------ DATA PROVIDED ------

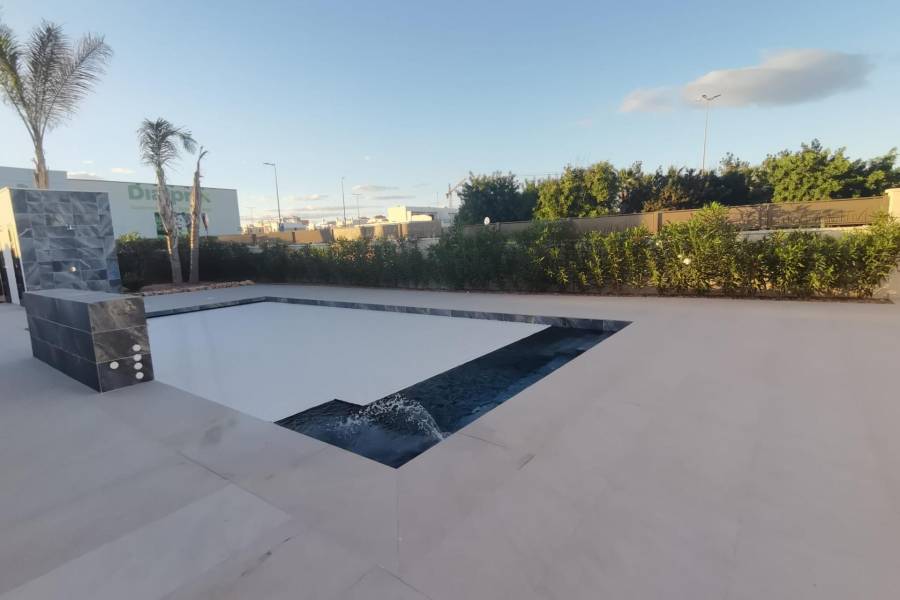 Nueva construcción  - Chalet - Los Montesinos - La Herrada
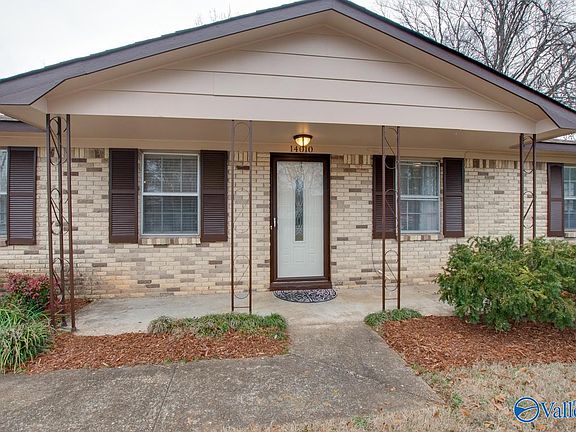 2nd image of 14010 Creely Dr SW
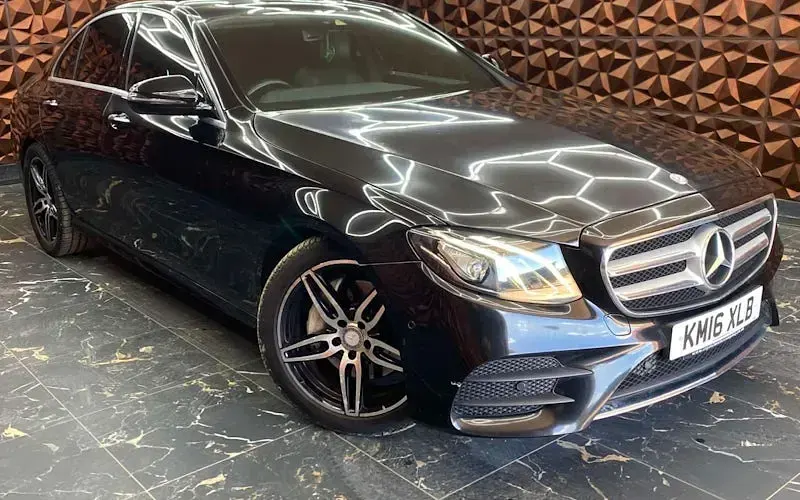 Used Mercedes E220 AMG line 194 HP (142 kW) 2019 Sedan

------

--- PROBLEM TO WORK ON ---
I would like the material above returned exactly as it stands, without its pictures.

--- ANSWER TO THIS EXERCISE ---
 Nueva construcción  - Chalet - Los Montesinos - La Herrada
 2nd image of 14010 Creely Dr SW
 Used Mercedes E220 AMG line 194 HP (142 kW) 2019 Sedan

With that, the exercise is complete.